Data Quality Metrics for Everybody


Training the first ML model in a business app is usually driven by extensive experimentation, exploration and, what is essentially, making a lot of reasonable assumptions about what a future user’s characteristics are and how they will behave. At inference time, however, nobody should be surprised when these assumptions are violated by reality left, right and centre, and you’re left with some pretty tricky scenarios to diagnose and debug.

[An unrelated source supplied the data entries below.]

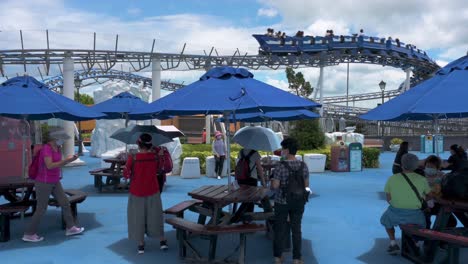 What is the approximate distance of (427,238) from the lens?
5.18m

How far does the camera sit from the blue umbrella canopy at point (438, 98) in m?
5.07

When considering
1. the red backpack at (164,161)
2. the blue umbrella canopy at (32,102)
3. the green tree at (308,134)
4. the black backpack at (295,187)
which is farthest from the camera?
the green tree at (308,134)

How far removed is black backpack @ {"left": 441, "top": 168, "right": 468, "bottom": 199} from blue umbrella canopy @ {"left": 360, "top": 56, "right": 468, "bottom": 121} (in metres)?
0.80

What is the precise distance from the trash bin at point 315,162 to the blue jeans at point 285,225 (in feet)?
Result: 34.4

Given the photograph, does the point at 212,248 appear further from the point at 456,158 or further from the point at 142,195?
the point at 456,158

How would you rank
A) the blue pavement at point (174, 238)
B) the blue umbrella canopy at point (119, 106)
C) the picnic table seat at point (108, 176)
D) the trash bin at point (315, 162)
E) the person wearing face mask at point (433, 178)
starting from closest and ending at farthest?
the blue pavement at point (174, 238) < the person wearing face mask at point (433, 178) < the picnic table seat at point (108, 176) < the blue umbrella canopy at point (119, 106) < the trash bin at point (315, 162)

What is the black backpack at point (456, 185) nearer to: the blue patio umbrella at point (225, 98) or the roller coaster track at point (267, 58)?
the blue patio umbrella at point (225, 98)

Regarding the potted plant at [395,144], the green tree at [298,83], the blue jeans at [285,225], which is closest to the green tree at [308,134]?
the potted plant at [395,144]

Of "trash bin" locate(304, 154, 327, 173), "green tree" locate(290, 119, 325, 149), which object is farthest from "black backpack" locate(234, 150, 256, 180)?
"green tree" locate(290, 119, 325, 149)

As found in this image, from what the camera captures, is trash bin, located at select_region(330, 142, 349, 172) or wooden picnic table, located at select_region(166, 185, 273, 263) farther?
trash bin, located at select_region(330, 142, 349, 172)

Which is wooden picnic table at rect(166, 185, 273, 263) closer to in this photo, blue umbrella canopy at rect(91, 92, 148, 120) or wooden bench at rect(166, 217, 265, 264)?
wooden bench at rect(166, 217, 265, 264)

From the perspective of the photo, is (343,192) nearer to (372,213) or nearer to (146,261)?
(372,213)

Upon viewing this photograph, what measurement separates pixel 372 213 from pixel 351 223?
3.65 ft

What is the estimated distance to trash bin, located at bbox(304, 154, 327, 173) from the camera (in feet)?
52.0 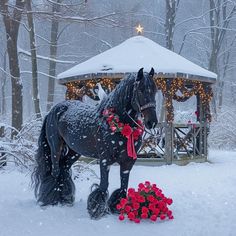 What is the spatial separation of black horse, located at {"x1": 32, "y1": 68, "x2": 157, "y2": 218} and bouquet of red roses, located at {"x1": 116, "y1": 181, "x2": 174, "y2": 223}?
0.21m

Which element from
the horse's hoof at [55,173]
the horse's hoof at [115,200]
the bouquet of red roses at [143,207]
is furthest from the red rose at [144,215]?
the horse's hoof at [55,173]

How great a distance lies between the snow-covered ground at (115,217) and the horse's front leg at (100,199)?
10 centimetres

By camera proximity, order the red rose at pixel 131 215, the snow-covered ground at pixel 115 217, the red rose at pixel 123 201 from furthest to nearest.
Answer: the red rose at pixel 123 201 → the red rose at pixel 131 215 → the snow-covered ground at pixel 115 217

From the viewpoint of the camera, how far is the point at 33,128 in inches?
419

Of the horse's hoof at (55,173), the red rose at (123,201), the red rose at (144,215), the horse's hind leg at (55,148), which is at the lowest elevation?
the red rose at (144,215)

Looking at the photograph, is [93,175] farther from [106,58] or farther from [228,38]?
[228,38]

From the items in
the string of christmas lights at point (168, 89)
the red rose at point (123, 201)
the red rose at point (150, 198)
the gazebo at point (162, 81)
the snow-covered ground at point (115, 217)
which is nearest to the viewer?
the snow-covered ground at point (115, 217)

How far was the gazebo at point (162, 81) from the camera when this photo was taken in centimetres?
1198

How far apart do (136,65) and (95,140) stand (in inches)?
281

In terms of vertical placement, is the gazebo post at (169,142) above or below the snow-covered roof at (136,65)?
below

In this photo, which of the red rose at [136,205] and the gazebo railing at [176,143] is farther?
the gazebo railing at [176,143]

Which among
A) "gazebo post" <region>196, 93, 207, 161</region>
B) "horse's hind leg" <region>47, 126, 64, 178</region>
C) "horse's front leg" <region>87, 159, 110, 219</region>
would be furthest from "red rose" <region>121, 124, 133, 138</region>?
"gazebo post" <region>196, 93, 207, 161</region>

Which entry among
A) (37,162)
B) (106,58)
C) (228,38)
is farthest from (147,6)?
(37,162)

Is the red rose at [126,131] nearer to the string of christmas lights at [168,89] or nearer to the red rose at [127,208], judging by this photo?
the red rose at [127,208] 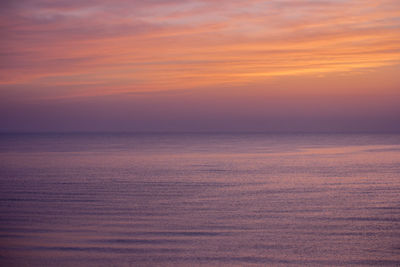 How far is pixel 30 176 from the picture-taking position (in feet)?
116

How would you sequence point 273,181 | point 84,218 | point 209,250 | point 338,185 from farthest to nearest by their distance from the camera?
1. point 273,181
2. point 338,185
3. point 84,218
4. point 209,250

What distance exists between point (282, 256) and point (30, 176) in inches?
1055

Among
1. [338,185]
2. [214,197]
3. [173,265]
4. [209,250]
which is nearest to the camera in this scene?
[173,265]

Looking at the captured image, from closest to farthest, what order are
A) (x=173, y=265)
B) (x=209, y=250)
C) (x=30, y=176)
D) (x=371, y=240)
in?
(x=173, y=265), (x=209, y=250), (x=371, y=240), (x=30, y=176)

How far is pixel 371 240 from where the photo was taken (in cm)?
1531

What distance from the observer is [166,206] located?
21.7 metres

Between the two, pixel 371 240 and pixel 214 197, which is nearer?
pixel 371 240

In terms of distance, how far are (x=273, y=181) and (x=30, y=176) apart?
1875 centimetres

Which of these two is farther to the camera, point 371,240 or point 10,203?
point 10,203

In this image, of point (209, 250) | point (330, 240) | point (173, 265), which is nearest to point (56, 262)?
point (173, 265)

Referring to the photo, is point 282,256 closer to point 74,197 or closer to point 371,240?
point 371,240

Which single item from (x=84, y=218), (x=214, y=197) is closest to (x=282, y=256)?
(x=84, y=218)

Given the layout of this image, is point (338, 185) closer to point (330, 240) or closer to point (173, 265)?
point (330, 240)

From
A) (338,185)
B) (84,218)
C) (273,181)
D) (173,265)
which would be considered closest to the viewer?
(173,265) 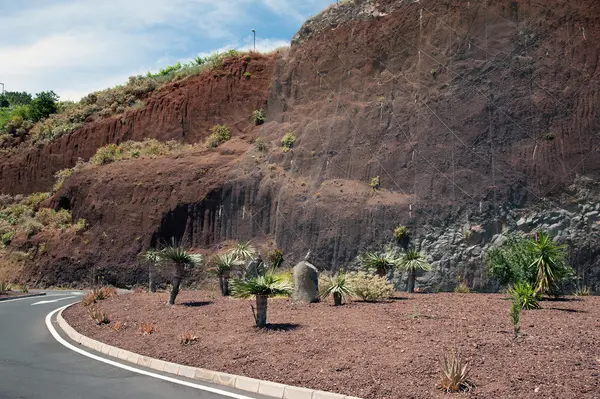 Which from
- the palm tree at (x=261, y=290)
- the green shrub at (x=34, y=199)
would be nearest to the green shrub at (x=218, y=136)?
the green shrub at (x=34, y=199)

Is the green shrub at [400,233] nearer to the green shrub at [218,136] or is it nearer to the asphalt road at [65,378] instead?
the asphalt road at [65,378]

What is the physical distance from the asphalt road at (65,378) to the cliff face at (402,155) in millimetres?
15364

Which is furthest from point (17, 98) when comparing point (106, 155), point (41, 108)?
point (106, 155)

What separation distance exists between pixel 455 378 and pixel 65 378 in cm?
662

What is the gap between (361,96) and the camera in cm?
3212

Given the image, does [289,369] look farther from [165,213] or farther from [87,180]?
[87,180]

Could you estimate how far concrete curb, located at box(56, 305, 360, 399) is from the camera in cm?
834

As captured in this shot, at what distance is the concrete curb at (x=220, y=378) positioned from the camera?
8.34 m

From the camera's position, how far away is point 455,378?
7.84m

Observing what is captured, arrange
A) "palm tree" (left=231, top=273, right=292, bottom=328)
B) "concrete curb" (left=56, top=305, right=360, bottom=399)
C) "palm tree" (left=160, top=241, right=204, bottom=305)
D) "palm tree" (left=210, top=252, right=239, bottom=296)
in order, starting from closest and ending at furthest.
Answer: "concrete curb" (left=56, top=305, right=360, bottom=399)
"palm tree" (left=231, top=273, right=292, bottom=328)
"palm tree" (left=160, top=241, right=204, bottom=305)
"palm tree" (left=210, top=252, right=239, bottom=296)

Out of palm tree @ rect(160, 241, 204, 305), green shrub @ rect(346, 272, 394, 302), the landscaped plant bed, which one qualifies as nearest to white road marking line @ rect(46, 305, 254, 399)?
the landscaped plant bed

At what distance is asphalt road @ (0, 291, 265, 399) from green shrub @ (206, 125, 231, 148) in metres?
26.6

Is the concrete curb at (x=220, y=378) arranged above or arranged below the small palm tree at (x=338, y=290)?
below

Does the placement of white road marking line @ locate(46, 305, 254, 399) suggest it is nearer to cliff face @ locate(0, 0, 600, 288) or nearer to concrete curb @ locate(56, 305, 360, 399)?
concrete curb @ locate(56, 305, 360, 399)
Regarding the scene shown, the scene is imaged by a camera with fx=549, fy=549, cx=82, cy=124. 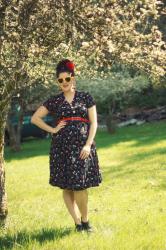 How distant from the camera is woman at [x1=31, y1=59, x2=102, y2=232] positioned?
314 inches

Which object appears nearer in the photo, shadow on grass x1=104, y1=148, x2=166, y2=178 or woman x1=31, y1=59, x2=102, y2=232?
woman x1=31, y1=59, x2=102, y2=232

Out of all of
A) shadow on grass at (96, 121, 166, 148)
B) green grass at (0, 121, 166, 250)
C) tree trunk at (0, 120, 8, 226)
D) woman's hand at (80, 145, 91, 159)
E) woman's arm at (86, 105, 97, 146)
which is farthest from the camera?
shadow on grass at (96, 121, 166, 148)

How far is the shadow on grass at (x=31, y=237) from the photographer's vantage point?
7820 millimetres

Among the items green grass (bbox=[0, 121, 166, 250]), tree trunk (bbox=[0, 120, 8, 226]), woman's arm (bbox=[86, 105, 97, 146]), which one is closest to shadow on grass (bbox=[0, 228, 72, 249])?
green grass (bbox=[0, 121, 166, 250])

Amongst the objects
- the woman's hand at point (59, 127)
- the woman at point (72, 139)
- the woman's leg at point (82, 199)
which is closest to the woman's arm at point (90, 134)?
the woman at point (72, 139)

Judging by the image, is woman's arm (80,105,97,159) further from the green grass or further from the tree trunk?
Result: the tree trunk

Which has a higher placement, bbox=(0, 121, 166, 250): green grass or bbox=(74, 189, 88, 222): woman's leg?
bbox=(74, 189, 88, 222): woman's leg

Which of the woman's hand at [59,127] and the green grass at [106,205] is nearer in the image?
the green grass at [106,205]

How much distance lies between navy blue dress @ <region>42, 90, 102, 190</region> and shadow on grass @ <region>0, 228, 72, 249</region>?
30.7 inches

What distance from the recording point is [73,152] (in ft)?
26.2

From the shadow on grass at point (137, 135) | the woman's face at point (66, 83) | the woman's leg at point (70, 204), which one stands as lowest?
the shadow on grass at point (137, 135)

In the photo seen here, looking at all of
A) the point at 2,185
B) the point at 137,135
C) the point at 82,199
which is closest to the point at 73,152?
the point at 82,199

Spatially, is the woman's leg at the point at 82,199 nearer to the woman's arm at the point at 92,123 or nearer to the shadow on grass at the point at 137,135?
the woman's arm at the point at 92,123

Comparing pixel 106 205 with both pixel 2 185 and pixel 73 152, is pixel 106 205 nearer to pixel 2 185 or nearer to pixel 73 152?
pixel 2 185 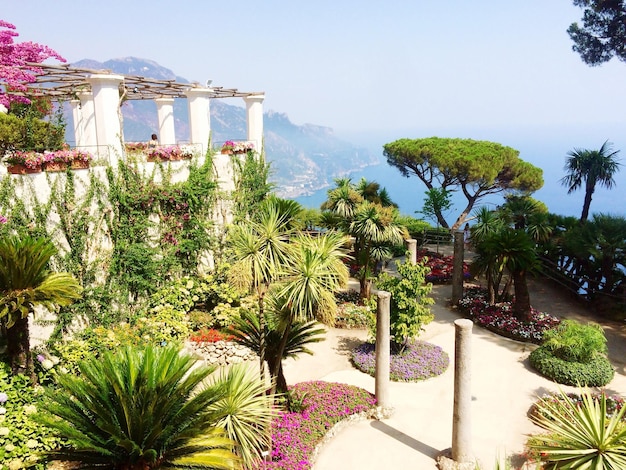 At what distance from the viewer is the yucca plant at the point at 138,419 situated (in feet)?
16.5

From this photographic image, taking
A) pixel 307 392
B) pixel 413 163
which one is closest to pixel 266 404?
pixel 307 392

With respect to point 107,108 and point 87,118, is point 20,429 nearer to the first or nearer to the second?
point 107,108

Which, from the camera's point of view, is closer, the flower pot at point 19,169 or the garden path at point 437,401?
the garden path at point 437,401

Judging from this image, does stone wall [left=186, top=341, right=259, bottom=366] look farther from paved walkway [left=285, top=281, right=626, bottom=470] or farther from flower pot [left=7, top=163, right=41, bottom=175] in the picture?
flower pot [left=7, top=163, right=41, bottom=175]

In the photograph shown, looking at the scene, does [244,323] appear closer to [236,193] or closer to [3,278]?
[3,278]

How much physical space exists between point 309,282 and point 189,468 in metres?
3.53

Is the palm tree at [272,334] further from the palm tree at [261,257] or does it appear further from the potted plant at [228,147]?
the potted plant at [228,147]

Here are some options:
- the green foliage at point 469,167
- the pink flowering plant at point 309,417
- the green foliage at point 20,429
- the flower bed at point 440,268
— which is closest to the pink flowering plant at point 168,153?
the green foliage at point 20,429

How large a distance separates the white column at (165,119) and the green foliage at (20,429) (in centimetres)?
1156

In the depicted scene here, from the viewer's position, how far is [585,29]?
1959 cm

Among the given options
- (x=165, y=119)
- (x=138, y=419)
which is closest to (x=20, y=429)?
(x=138, y=419)

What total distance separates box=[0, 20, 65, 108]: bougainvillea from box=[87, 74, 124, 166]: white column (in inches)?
40.6

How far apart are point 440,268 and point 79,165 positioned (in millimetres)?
15147

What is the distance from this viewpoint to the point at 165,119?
18359 mm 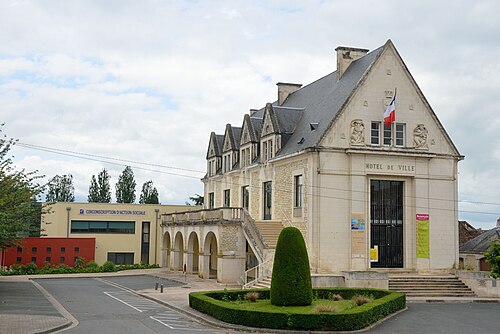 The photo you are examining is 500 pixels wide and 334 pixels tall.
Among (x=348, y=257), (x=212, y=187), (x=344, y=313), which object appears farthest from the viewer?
(x=212, y=187)

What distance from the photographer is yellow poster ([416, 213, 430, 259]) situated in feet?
112

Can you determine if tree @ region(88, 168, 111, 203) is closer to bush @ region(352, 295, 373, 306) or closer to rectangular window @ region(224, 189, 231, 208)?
rectangular window @ region(224, 189, 231, 208)

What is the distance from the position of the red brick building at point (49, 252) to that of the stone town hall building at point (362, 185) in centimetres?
1804

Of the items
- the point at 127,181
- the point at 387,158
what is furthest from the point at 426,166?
the point at 127,181

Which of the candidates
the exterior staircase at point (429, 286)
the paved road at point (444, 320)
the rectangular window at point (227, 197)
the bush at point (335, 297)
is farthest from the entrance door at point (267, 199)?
the paved road at point (444, 320)

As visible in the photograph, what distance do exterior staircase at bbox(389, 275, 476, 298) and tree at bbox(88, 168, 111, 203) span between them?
187 feet

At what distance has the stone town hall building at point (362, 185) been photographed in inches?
1307

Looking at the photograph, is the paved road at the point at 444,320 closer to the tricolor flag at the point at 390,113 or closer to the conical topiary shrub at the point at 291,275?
the conical topiary shrub at the point at 291,275

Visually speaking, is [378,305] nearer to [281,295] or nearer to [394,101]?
[281,295]

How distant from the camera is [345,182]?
33.6 m

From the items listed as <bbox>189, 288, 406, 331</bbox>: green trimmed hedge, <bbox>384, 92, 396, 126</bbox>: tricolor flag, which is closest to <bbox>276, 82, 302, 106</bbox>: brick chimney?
<bbox>384, 92, 396, 126</bbox>: tricolor flag

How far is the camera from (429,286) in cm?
3123

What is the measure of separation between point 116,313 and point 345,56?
21.7 m

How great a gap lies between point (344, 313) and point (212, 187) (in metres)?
33.8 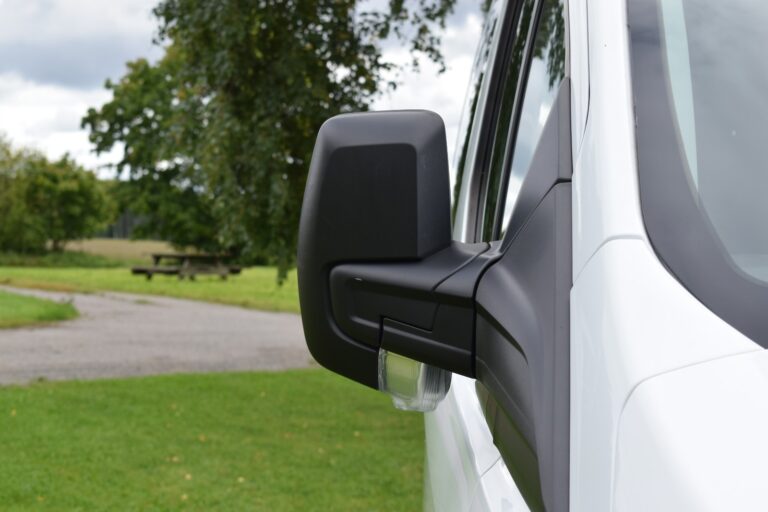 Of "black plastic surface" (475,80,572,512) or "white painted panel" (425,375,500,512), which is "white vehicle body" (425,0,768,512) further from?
"white painted panel" (425,375,500,512)

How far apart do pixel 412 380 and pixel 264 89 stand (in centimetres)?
846

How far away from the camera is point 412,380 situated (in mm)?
1396

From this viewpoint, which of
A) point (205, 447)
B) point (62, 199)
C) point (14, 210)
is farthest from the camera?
point (62, 199)

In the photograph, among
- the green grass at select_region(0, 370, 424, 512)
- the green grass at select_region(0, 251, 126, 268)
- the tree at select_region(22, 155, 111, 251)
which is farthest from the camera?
the tree at select_region(22, 155, 111, 251)

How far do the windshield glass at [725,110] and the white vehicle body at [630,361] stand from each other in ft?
0.28

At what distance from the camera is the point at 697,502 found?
73 centimetres

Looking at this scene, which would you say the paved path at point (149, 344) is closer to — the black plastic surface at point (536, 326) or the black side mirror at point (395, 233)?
the black side mirror at point (395, 233)

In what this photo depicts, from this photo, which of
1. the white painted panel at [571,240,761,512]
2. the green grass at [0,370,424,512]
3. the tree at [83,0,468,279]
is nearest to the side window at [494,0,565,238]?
the white painted panel at [571,240,761,512]

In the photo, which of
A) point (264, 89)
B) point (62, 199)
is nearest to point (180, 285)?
point (62, 199)

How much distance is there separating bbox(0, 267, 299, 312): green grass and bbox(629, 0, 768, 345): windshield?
23.3m

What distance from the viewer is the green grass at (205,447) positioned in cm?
707

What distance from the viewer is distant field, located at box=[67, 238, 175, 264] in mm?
41406

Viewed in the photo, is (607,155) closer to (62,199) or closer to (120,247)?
(62,199)

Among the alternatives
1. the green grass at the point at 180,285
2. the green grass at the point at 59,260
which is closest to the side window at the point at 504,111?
the green grass at the point at 180,285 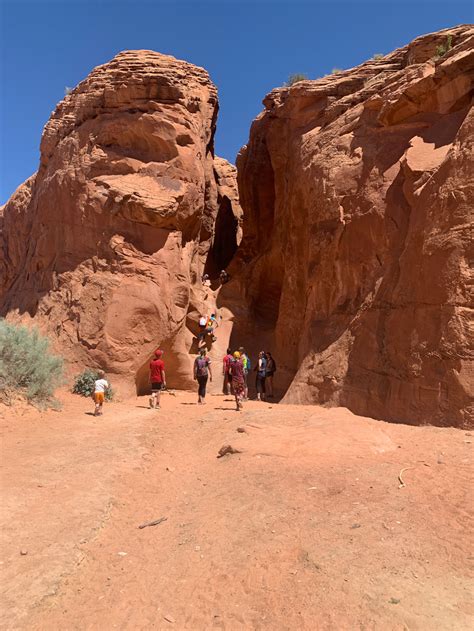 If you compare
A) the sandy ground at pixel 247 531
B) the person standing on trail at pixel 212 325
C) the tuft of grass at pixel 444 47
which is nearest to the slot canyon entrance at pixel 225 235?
the person standing on trail at pixel 212 325

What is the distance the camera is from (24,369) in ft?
34.2

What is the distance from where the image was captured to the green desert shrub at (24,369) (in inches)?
392

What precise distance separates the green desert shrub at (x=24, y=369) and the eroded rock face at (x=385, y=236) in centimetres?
591

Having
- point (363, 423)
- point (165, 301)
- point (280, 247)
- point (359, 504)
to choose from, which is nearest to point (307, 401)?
point (363, 423)

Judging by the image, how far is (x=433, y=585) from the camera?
388cm

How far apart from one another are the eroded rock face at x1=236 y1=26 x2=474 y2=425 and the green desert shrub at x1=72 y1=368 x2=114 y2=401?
476 centimetres

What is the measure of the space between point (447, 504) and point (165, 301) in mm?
11399

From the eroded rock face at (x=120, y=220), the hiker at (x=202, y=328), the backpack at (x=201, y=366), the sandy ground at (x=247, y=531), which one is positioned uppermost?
the eroded rock face at (x=120, y=220)

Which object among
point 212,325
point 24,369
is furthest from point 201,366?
point 212,325

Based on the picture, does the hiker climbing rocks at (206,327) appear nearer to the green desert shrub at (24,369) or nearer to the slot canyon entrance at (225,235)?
the green desert shrub at (24,369)

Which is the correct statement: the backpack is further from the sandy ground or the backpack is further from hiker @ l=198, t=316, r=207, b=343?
hiker @ l=198, t=316, r=207, b=343

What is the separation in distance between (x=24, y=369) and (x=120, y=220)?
20.8 ft

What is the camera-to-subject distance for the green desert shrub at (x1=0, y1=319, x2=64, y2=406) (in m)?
9.95

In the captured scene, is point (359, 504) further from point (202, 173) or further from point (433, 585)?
point (202, 173) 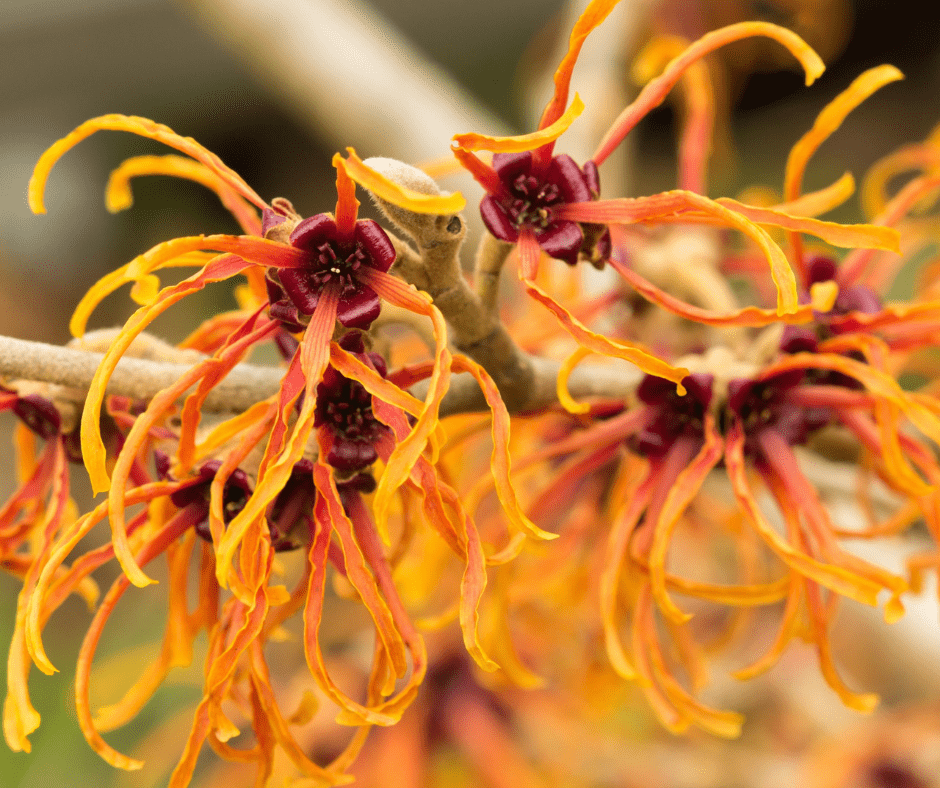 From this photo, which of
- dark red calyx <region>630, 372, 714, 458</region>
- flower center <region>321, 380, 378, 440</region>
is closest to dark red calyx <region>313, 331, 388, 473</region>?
flower center <region>321, 380, 378, 440</region>

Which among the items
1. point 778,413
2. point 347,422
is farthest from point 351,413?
point 778,413

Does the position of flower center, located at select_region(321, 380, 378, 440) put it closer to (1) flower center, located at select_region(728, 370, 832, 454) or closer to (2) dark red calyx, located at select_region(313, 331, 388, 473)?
(2) dark red calyx, located at select_region(313, 331, 388, 473)

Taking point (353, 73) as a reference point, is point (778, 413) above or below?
below

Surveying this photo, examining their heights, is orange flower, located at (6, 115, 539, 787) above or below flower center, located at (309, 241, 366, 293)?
below

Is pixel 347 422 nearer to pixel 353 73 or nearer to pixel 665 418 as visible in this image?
pixel 665 418

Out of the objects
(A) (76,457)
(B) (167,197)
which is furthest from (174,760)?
(B) (167,197)

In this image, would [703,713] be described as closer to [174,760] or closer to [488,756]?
[488,756]

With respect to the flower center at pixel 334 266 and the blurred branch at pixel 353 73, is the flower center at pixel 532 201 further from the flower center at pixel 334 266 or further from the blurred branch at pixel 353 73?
the blurred branch at pixel 353 73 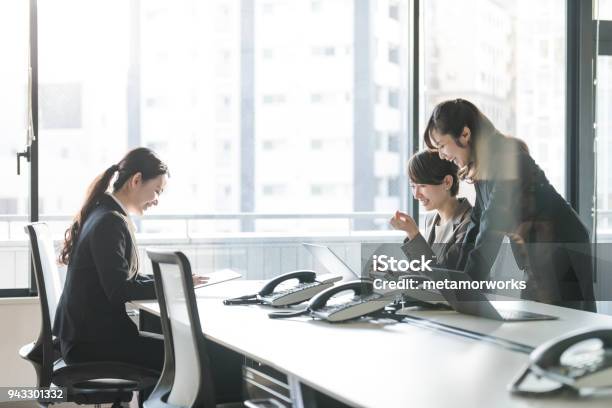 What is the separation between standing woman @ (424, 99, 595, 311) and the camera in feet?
10.5

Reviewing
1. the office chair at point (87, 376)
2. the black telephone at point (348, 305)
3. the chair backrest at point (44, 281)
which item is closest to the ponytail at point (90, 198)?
→ the chair backrest at point (44, 281)

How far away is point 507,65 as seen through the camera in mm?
5297

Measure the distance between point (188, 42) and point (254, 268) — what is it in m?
1.35

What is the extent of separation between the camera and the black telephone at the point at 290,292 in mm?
3074

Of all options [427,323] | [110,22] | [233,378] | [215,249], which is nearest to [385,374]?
[427,323]

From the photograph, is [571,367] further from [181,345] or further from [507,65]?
[507,65]

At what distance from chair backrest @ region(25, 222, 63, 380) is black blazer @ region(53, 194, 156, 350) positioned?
0.06m

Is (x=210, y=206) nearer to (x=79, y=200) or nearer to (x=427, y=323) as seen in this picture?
(x=79, y=200)

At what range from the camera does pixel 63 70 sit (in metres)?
4.65

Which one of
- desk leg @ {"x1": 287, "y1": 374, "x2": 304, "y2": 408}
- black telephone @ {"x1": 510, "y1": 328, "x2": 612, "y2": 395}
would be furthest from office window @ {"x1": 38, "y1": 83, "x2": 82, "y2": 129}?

As a starting point for these investigations, which should, ideally, involve feature importances, explanations, and so on, should be a good grip on whether the latest training data, as well as inference-time input meets a basic set of quality measures.

This article won’t go into any business use-case specific assumptions, obviously, but the following are the bare minimum in terms of data quality metrics that you should put in place, and automate, at the end of your ETL pipelines and inference endpoints.

  1. Null values: Whether there are missing values in fields where there shouldn’t be any.
  2. Casting of values: Whether the input data flows in in a format that your casting operations can’t handle, e.g. string “1.0” can be cast into floating point, but “1 point something” cannot be.
  3. Fill rates: For sparse feature matrices, an overview of column fill rates is important, especially how it has evolved over the time since your model was last trained.
  4. Timeliness: If models are trained periodically upon availability of new ground-truth data, then a timeliness check is what allows data scientist to track whether all the expected data was updated, and to what degree, at the expected intervals.
  5. Historical consistency: As a final check, historical consistency should give an indication of whether any qualitative aspects of the data have changed over time, e.g. has a numerical field always been delivering integer values or have the sources been recently delivering floating point values instead - denoting certain new assumptions about the data.